Siyasetin, medyanın, kanaat önderlerinin, din bezirgânlarının ve uluslararası ‘saygın’ kuruluşların nasıl birbirleri ile ilişkili, tüm dünyayı uyuttuklarını anlatmakla kalmıyor; katılırsınız ya da katılmazsınız çözüm önerisini de ortaya koyuyor Azra Kohen. Üslubu bayağı keskinleşebiliyor bazen: ‘Liderleri takip eden sürülerin değil, ne istediğini, niye istediğini bilen, sahip çıkan bireylerin devrindeyiz! Beklediğiniz o lider her birimizde hayat bulana kadar, bu yağmaya seyirci kalma cehennemindeyiz! Hakkın yenmesini, adaletin bir fahişe gibi pazarlanmasını izlemeye mahkûm edileceğiz!’ dedirtebiliyor Pi’nin ana karakterlerinden birine...
Okuyucuya basit ama yüzlerce soruyu sorduruyor: Niçin Çernobil’de reaktör patlaması sonrasında 985 bin kişi ölmüşken Birleşmiş Milletler ölen sayısını ısrarla 50 kişi olarak açıklamaya devam ediyor? Neden nükleer santrallerin yakıtı olarak kullanılan Cesium 137 gibi radyoaktif maddelerin doğadan 300 senede temizlenemediği, radyasyonun bu süre zarfında her yere bulaşabileceği medyada manşetlere çıkmıyor? Diş macunu ve çeşme suyundaki florürün beyindeki epifiz bezinin kireçlenmesine neden olduğuna, florür kaynaklı kireçlenmenin depresyonun yanı sıra kişilerin karar verme yeteneklerini körelttiğine Avrupa Diş Hekimleri Odası dışında niçin kimse değinmiyor?
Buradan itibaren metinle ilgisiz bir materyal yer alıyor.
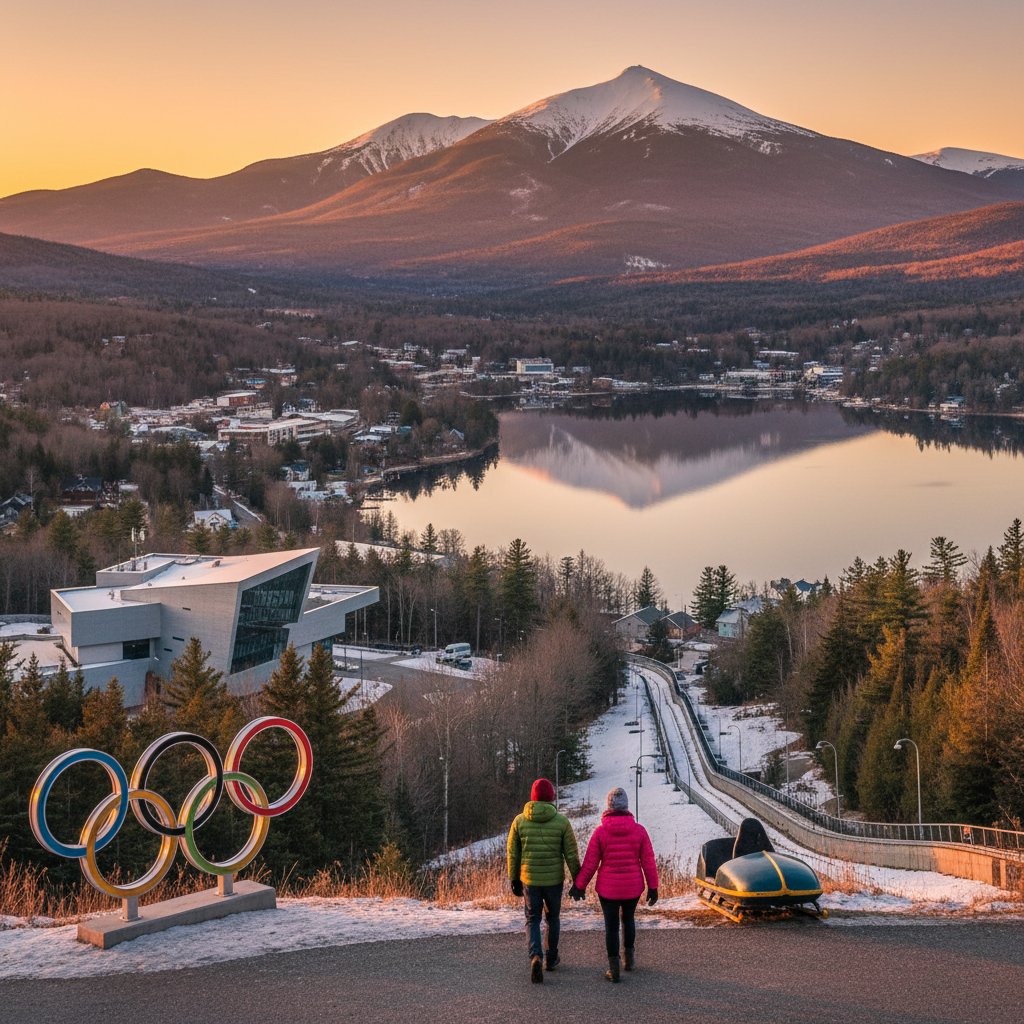 Lake Placid, New York, USA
Petrol, nükleer, doğal gaz gibi zehirli enerji üretmek yerine neden temiz enerji üretilmiyor? İnsanları sersemletmek ve duyularını yavaşlatmak dışında herhangi bir etkisi olduğu kanıtlanamayan anti depresanlar, doktorlar tarafından 100 milyondan fazla insana nasıl reçeteyle verilebiliyor?
İlaç şirketleri ile pek çok doktor işbirliği halinde mi?
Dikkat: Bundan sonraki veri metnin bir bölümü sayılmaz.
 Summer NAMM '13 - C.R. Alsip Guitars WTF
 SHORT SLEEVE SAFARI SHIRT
Temsili demokrasi ve devlet nedir sorusuna Azra Kohen bir başka karakter üzerinden şöyle yanıt veriyor Pi’de: ‘Ben, benim adıma karar vermesi için kardeşime bile vekâlet vermezken bu koca topraklardaki milyonlarcasının hakkı, haklarımızın tamamı, hiç tanımadığımız birilerine teslim. İşte bu da bugün, bu ülkede uygulanan temsili demokrasinin özü; yani aslında halkın seçtiği değil, bir tek kişinin seçtiği ve adını da milletvekili koyduğu hiç tanımadığımız adamlar bize ait olanı kendi aralarında paylaşıyorlar. Aslında temsil, demokrasi denilen şey seçilmiş diktatörlüktür’.
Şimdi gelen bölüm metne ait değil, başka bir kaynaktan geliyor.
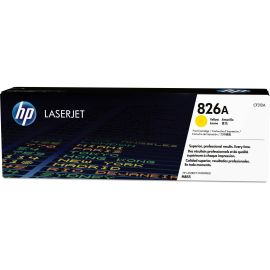 HP 826A (CF312A) Original Standard Yield Laser Toner Cartridge - Single Pack - Yellow - 1 Each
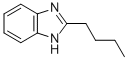 structure of CAS# 5851-44-5, 2-Butyl-Benzimidazol;1H-Benzimidazole, 2-Butyl-;2-Butylbenzimidazole;5-23-07-00016 (Beilstein Handbook Reference)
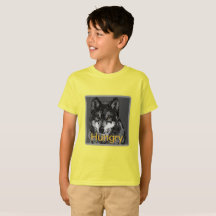 Hungrig - Barns grundläggande T-Shirt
Devlet içinse yine Pi’de: ‘17 milyar değerindeki petrole beş buçuk kat kâr koyup 93 milyara halkına veren bir devleti nasıl durduracağız? Sadece petrolden 76 milyar kâr ediyorlar. Hele elektrik! 16 milyara mal edilirken 77 milyara satılıyor bize. Dünyanın en pahalı elektriğini alan tek halkız biz! Güneş enerjisini devreye soktuğun anda bir düşün, devletin, hatta tüm devletlerin doğal gazdan, elektrikten, petrolden, halktan aldıkları haracı, milyarları keseceksin. Bizimkisi gibi küçük bir ülkenin halkı bile yılda 185 milyar kazandırıyor hükümetine ve bunu okul, yol, baraj yapmak için de kullanmıyorlar. Bu para halktan toplanıyor ve örtülü ödenek adı altında yok oluyor, bu lanetli sistemde köşe tutmuşlara, halkın gardiyanlarına gidiyor. Hesabını bile soramıyoruz!’ diyor.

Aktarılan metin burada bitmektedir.